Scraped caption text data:
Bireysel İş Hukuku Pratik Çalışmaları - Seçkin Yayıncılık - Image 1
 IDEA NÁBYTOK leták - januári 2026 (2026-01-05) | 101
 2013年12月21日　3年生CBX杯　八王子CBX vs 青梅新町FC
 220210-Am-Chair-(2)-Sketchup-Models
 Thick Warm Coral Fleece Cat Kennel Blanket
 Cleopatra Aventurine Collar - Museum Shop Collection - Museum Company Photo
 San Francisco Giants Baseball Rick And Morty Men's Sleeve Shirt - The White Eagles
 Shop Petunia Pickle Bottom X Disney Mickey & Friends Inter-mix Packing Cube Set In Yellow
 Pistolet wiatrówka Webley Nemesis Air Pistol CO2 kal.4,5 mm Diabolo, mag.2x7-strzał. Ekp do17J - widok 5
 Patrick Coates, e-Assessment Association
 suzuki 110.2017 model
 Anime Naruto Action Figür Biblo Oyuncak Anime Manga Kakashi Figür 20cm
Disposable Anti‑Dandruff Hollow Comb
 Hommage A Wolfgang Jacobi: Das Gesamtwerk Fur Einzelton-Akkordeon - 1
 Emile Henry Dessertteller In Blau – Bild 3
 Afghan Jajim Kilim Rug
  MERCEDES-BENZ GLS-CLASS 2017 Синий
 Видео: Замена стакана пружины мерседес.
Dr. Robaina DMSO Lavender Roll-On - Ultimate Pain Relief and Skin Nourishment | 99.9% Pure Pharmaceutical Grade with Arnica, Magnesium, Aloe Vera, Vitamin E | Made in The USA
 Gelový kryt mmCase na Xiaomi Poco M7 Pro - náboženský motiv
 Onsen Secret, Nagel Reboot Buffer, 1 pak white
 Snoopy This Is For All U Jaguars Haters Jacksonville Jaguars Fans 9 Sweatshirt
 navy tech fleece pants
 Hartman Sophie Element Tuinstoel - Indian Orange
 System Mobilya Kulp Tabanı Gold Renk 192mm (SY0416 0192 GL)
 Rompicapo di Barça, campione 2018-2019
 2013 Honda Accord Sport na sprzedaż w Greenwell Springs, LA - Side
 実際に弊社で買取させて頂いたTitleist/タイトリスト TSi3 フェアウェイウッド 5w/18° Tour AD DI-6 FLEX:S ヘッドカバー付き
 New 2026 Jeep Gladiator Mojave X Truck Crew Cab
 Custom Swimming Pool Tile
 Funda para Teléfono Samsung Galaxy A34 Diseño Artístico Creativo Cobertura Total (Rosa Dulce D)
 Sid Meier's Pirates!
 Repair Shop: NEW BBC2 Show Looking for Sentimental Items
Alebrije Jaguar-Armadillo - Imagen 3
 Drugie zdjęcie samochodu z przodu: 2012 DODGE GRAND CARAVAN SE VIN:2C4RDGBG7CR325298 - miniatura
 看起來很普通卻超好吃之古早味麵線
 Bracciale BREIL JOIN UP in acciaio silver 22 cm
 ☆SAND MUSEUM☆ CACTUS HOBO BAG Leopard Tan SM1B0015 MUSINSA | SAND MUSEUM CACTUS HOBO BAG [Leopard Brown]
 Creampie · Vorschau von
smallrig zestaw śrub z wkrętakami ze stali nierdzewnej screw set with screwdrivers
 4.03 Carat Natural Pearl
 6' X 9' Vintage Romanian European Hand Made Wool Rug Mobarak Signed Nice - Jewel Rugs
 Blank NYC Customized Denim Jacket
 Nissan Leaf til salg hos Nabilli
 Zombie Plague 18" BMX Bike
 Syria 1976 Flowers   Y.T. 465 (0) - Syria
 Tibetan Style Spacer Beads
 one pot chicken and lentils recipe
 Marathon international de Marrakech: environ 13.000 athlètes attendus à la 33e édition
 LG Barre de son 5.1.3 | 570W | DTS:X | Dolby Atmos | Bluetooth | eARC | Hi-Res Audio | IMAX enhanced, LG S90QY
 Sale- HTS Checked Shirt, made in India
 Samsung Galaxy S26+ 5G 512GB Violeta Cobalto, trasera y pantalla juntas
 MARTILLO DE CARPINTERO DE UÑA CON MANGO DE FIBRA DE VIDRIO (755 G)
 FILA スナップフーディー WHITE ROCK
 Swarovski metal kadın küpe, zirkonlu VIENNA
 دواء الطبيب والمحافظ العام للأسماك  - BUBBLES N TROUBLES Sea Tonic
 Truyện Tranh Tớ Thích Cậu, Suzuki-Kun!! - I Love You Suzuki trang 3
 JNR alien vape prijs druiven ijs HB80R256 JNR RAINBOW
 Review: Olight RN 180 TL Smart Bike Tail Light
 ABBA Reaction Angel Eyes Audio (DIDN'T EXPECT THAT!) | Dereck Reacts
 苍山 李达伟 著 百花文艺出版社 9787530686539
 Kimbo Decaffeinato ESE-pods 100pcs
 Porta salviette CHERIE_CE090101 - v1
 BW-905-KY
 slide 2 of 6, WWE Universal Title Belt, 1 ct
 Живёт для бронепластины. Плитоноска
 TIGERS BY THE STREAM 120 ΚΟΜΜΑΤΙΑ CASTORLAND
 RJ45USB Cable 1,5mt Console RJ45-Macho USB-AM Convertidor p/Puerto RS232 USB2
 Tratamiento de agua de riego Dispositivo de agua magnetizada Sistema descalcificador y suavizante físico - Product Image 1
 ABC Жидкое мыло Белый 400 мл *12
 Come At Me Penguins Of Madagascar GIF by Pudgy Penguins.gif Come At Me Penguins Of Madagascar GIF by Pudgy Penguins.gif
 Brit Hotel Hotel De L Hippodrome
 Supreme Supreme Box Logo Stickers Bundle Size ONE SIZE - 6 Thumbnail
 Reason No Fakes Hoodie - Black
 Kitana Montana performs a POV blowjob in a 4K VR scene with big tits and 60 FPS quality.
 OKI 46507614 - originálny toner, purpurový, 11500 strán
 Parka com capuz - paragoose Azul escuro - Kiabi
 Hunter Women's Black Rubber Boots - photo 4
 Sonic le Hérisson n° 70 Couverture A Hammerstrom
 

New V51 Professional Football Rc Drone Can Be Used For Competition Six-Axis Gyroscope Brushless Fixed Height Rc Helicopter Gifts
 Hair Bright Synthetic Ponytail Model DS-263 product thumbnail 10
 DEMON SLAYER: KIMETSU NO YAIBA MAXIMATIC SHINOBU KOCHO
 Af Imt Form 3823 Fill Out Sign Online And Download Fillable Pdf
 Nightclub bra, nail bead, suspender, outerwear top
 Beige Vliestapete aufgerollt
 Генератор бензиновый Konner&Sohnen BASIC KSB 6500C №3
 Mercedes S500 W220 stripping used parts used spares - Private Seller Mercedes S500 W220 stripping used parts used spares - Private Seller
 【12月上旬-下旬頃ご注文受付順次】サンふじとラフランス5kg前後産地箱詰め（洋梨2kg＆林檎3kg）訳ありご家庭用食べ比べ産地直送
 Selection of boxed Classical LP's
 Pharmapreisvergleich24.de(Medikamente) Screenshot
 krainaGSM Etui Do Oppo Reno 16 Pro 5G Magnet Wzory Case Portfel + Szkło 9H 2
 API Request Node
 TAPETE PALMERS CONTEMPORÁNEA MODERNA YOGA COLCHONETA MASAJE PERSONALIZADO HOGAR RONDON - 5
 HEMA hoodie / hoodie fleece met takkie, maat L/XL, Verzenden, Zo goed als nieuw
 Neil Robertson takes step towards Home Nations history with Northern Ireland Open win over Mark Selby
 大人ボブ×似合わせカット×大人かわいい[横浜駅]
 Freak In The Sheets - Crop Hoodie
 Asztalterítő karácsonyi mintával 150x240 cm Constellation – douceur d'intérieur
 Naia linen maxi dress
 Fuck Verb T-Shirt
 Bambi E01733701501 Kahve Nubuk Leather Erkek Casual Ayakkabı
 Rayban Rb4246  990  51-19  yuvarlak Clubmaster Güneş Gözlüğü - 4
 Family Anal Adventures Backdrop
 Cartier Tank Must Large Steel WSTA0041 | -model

Problem description: Retype exactly the lines from the start of the entries through the one with "Hommage A Wolfgang"; include both ends.

Written solution:
Bireysel İş Hukuku Pratik Çalışmaları - Seçkin Yayıncılık - Image 1
 IDEA NÁBYTOK leták - januári 2026 (2026-01-05) | 101
 2013年12月21日　3年生CBX杯　八王子CBX vs 青梅新町FC
 220210-Am-Chair-(2)-Sketchup-Models
 Thick Warm Coral Fleece Cat Kennel Blanket
 Cleopatra Aventurine Collar - Museum Shop Collection - Museum Company Photo
 San Francisco Giants Baseball Rick And Morty Men's Sleeve Shirt - The White Eagles
 Shop Petunia Pickle Bottom X Disney Mickey & Friends Inter-mix Packing Cube Set In Yellow
 Pistolet wiatrówka Webley Nemesis Air Pistol CO2 kal.4,5 mm Diabolo, mag.2x7-strzał. Ekp do17J - widok 5
 Patrick Coates, e-Assessment Association
 suzuki 110.2017 model
 Anime Naruto Action Figür Biblo Oyuncak Anime Manga Kakashi Figür 20cm
Disposable Anti‑Dandruff Hollow Comb
 Hommage A Wolfgang Jacobi: Das Gesamtwerk Fur Einzelton-Akkordeon - 1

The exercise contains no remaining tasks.